Some pastry cutters are designed using right-handers in mind, as they are angled slightly to favor those wielding the tool from the right side. But if you’re left-handed, see to it that the tool can cater to both sides or be used comfortably and efficiently by left-handed people without sacrificing comfort.

Colors

While this won’t affect the pastry blender’s performance, you may opt for a specific color when available on the handle. You can choose from colors that can complement your décor or bring a slight accent to your kitchen.

How to Use a Pastry Blender

1. Start with cold butter

When working with dough, always start with very cold butter to about 1-inch cubes. Add the butter to your dry ingredients and start cutting right away. Work with it immediately and don’t let the butter sit out while you take care of other tasks, because you will over-mix it. Once you start cutting in the butter, keep going until you reach the desired consistency.

The goal is that the butter must still be solid when you put your pastry into the oven. Start with the butter straight from the fridge to prevent it from softening too much.

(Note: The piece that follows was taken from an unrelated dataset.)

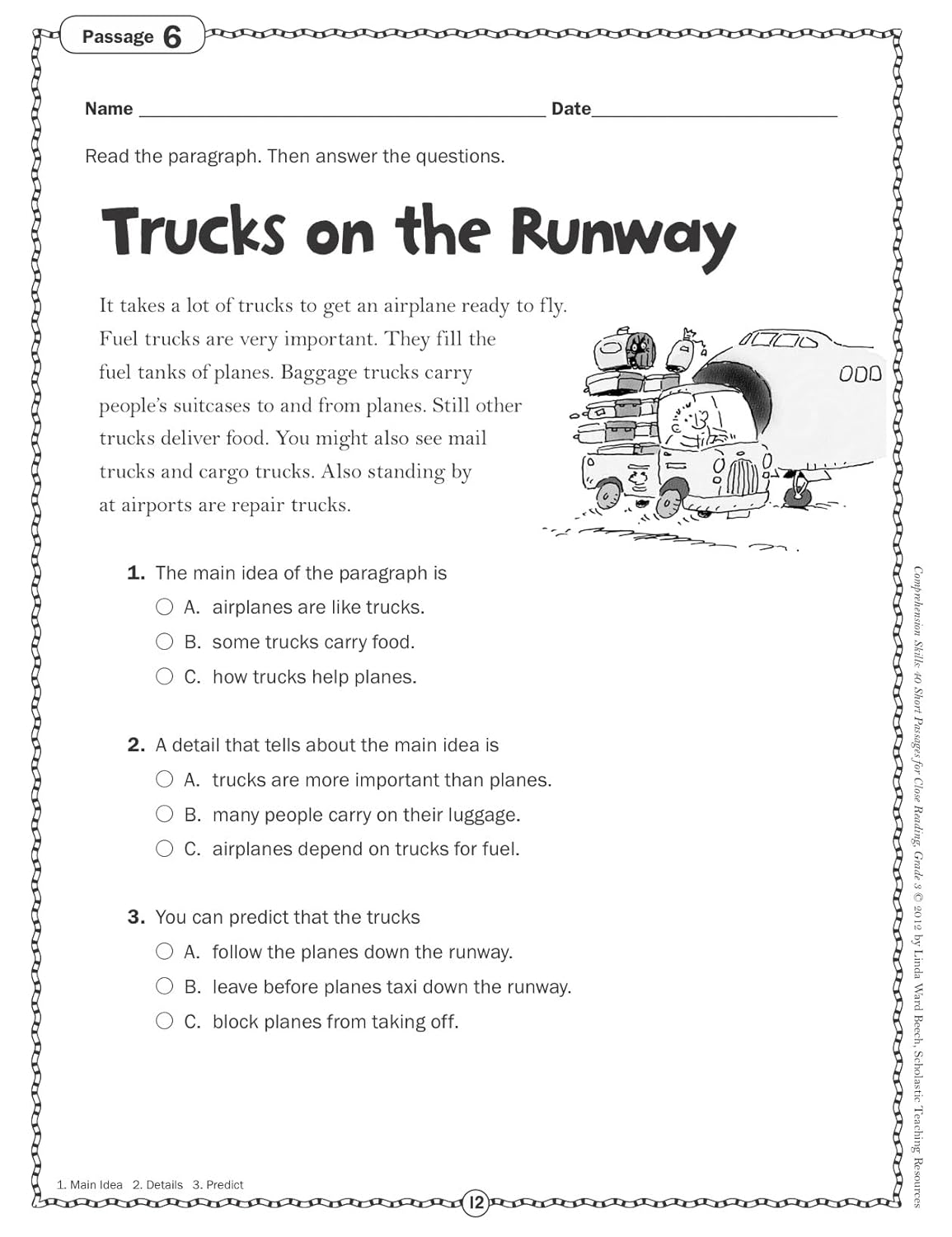 Scholastic Comprehension Skills: 40 Short Passages For Close Reading, Grade 3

2. Add the cubed butter to the dry ingredients

Cube your cold butter first, then set it back in the fridge while you prepare your dry ingredients. Add dry ingredients like sugar, flour, and salt to the bowl and mix them quickly together. Then, add the cold, cubed butter to blend and cut immediately.

3. Mix continuously

While mixing, you might feel the need to stop and scrape the butter from the tool. But since time is of the essence, you need to keep going, and the butter will come out on its own as you keep on mixing.

However, be careful not to over-mix. Unlike other kinds of dough, you don’t want to fully incorporate the butter into the dry ingredients. Go for small lumps of butter coated in flour. And make sure you’re not overdoing it by keeping an eye on your progress.